Mode 1: generating an application package
If you're just getting started with Vespa, you can use the detect_schema option to generate an application package that works with the data you're sending. That application package can be deployed to Vespa Cloud or a local Vespa instance.
To process the data, the input and filter sections are the same as when you send data to Vespa (see the config example below). The output section is different.
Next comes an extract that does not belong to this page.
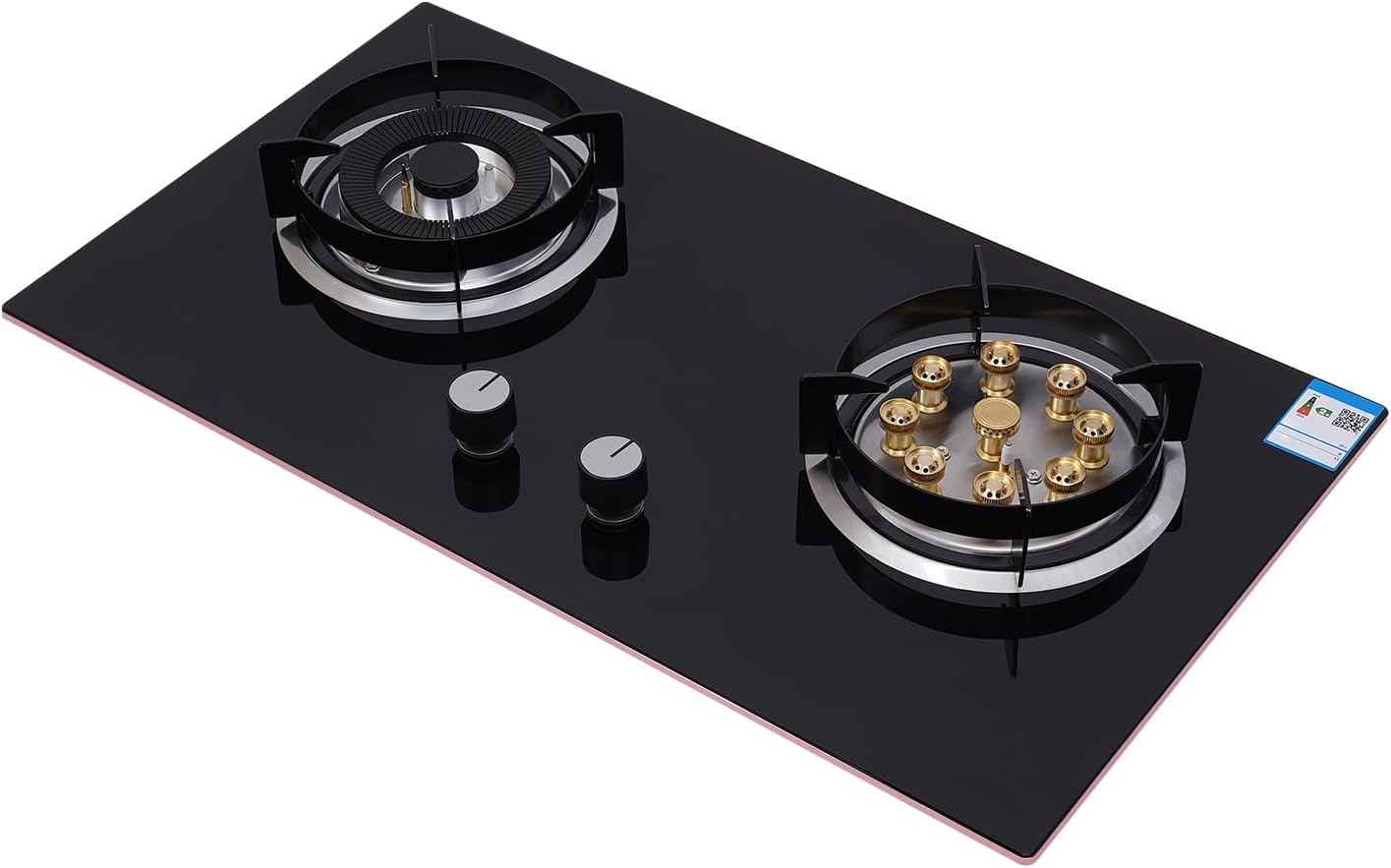 2 Burners Cooktop Built-in Gas Stove, 28.74 * 16.14inch Panel Gas Cooktop Stove Top, Natural Gas Cooker Stove for Home Cooking Commercial Purposes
Here's an example for Vespa Cloud:
output {
vespa_feed {
# enable detect schema mode
detect_schema => true
# to get copy-paste-able Vespa CLI commands
deploy_package => true
# Vespa Cloud application details
vespa_cloud_tenant => "my_tenant"
vespa_cloud_application => "my_application"
### optional settings
# where to save the generated application package
application_package_dir => "/OS_TMPDIR/vespa_app"
# How long to wait (in empty batches) before showing the CLI commands for deploying the application
# This is useful if Logstash doesn't exit quickly and waits (e.g. when tailing a file)
# Otherwise, the plugin will show the CLI commands before Logstash exits
idle_batches => 10
# whether to generate mTLS certificates (defaults to true for Vespa Cloud, because you'll need them)
generate_mtls_certificates => true
# common name for the mTLS certificates
certificate_common_name => "cloud.vespa.logstash"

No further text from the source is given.